Y, como Raúl, cayó dormido al caer la noche.
El
estruendo de una explosión desprendió a ambos de los catres a los
que aferrados dormían como si fueran la vida misma. De entre el
polvo alrededor de una pared derruida surgió una voz:
-
Por aquí camarada... Es el EGP y su liberación...
-
¿Y yo? —gritó Raúl.
-
Síguenos —dijo el camarada Marte, quizá en un acto de humana
compasión.
Escaparon
entre las ráfagas de ametralladora y sus silencios. Nadie dijo nada
más en dos horas. En la huida, la columna de liberación se había
reconstruido —y eran entonces cinco hombres y siete mujeres.
Huir
en medio del altiplano no es fácil. Tarde o temprano —ellos lo
sabían— llegarían los helicópteros.

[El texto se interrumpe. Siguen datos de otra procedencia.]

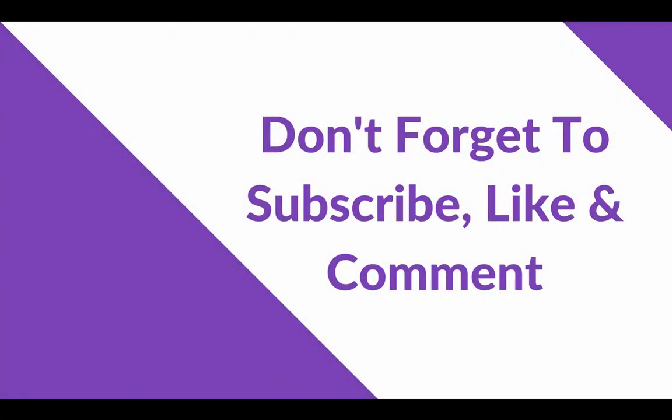Thanks for watching, liking, subscribing, and commenting. I'll see you in the next video.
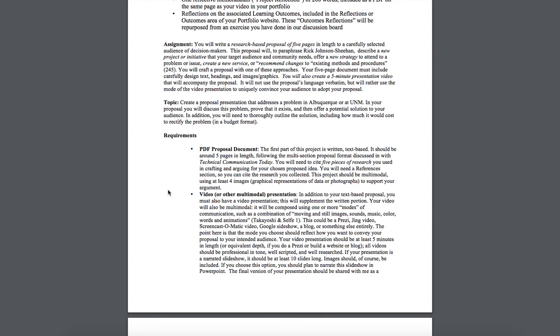Now you also need to include a video or other multimodal presentation. So most students, when they do this project, they generally create a slideshow. You can do that in PowerPoint. If you choose a slideshow, it has to be at least 10 slides long and it shouldn't be exclusively text-based. Lots of text on a slide is not very readable or usable.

Y quizás por eso, Marte,
ya al mando, ordenó partir la columna en grupos de tres.
El
camarada Marte señaló a Raúl. El entendió que iría con él. El
tercer elemento sería una mujer, la camarada Isidora. Sin mediar más
de diez palabras, la columna se dividió y la fuga siguió su curso.
Trotaron
sin parar hasta el amanecer. Entonces caminaron hasta encontrar una
choza a medio terminar -o quizá a medio destruir. Entraron y casi
en un solo movimiento Isidora arrojó a Raúl dos pedazos de carne
seca que extrajo de un morral. Se dirigió luego a Marte y, al
encuentro de sus miradas, Raúl comprendió que Isidora y Marte eran
amantes. Marte se acercó a ella y tomó sus manos entre las suyas y
la abrazó. Ambos lloraron y, luego, Raúl también lloró.
La
choza era pequeña pero el miedo la hacía aparecer muy grande.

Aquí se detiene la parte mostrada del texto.